■ Dataset excerpt
---
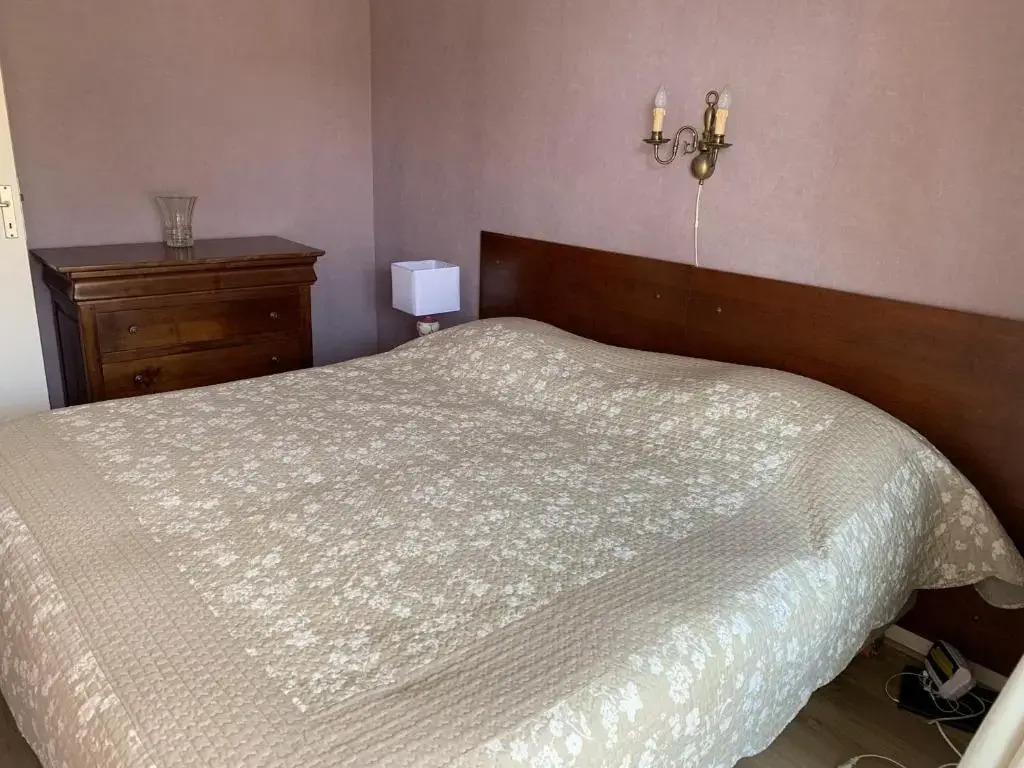Appartement Arcachon, 2 pièces, 4 personnes - FR-1-374-143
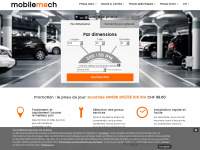 mobilemech-shop.ch Thumbnail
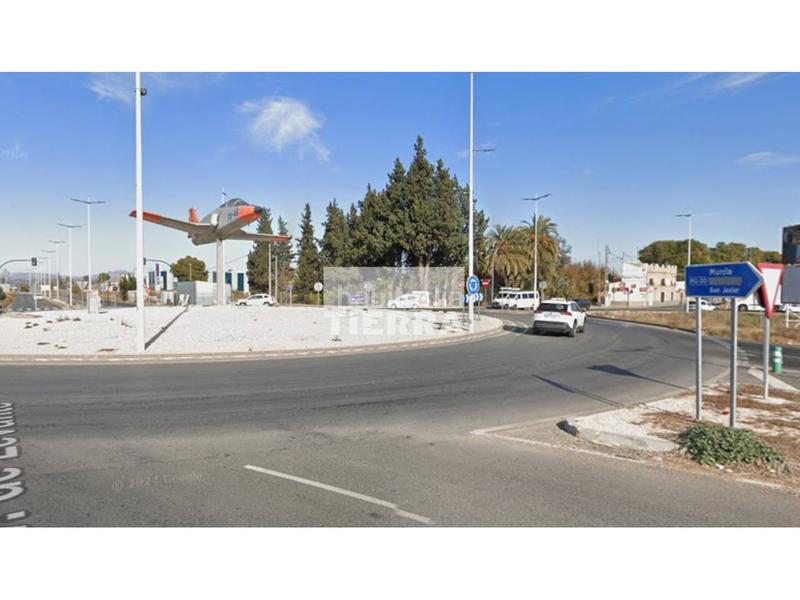 Foto 991f7c11-5e22-4a8a-b963-53e10867d176. Terreno residencial terreno en venta capital en Beniaján Murcia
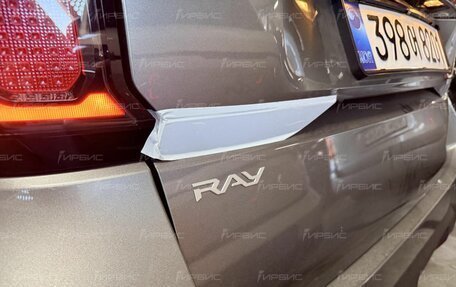 KIA Ray, 2025 год, 2 690 000 рублей, 10 фотография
---
Print the listing exactly, minus its pictures.

Appartement Arcachon, 2 pièces, 4 personnes - FR-1-374-143
 mobilemech-shop.ch Thumbnail
 Foto 991f7c11-5e22-4a8a-b963-53e10867d176. Terreno residencial terreno en venta capital en Beniaján Murcia
 KIA Ray, 2025 год, 2 690 000 рублей, 10 фотография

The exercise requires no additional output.